> By Jean-Loup Guillaume
Many community detection algorithms are non deterministic and can therefore give different partitions for the same graph. Depending on the context, it can be important to obtain stable results so as to identify very pertinent communities, but it can also be interesting to find some less stable ones.
For non deterministic algorithms, comparing two partitions of a given graph is not so easy. Some parameters can be calculated to estimate the similarity between two partitions: rand index, Jaccard index or the mutual information. However these parameters give only an aggregated value which can be hard to interpret.
In the spirit of the rand index, the plot above shows the similarity between 10,000 computations of communities on the same network, the famous Zachary’s karate club. The plot is a distribution of the proportion of pairs of nodes which are in the same group, the point (6213 ; 0.014) for instance means that there is 1.4% of pairs of nodes which are placed in the same community 62% of the time.

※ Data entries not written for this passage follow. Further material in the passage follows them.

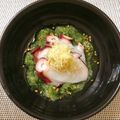 cookmishu's cooksnap of when they made さっぱり＆簡単♪きゅうりおろしの酢の物.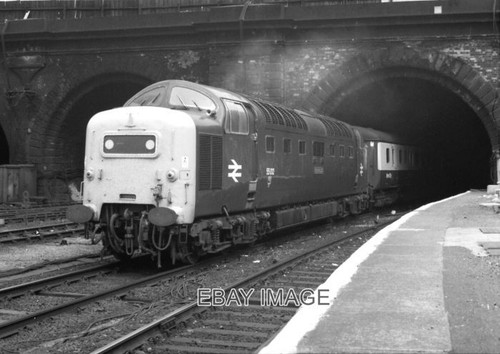 Photo english electric deltic - electric,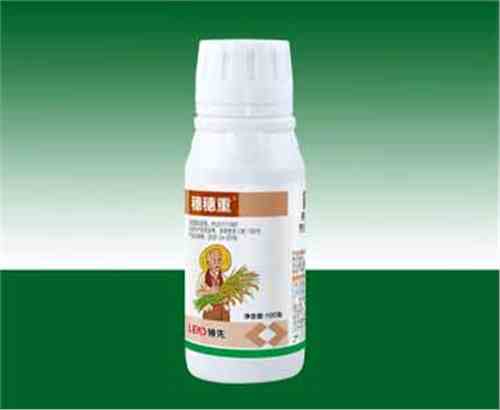 水稻除草剂——穗穗重 水稻除草剂——穗穗重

A deterministic algorithm would always place nodes either together or not, the curve would therefore exhibit two peaks, one on 0 and one on 10,000. However, the algorithm used (the Louvain method) is not deterministic and therefore some pairs are sometimes grouped and sometimes not. Despite the non-determinism, we can see that most pairs are nearly always grouped or separated, but that around 10% of pairs of nodes are nearly as often together than separated. These nodes are centainely specific and their position have to be investigated.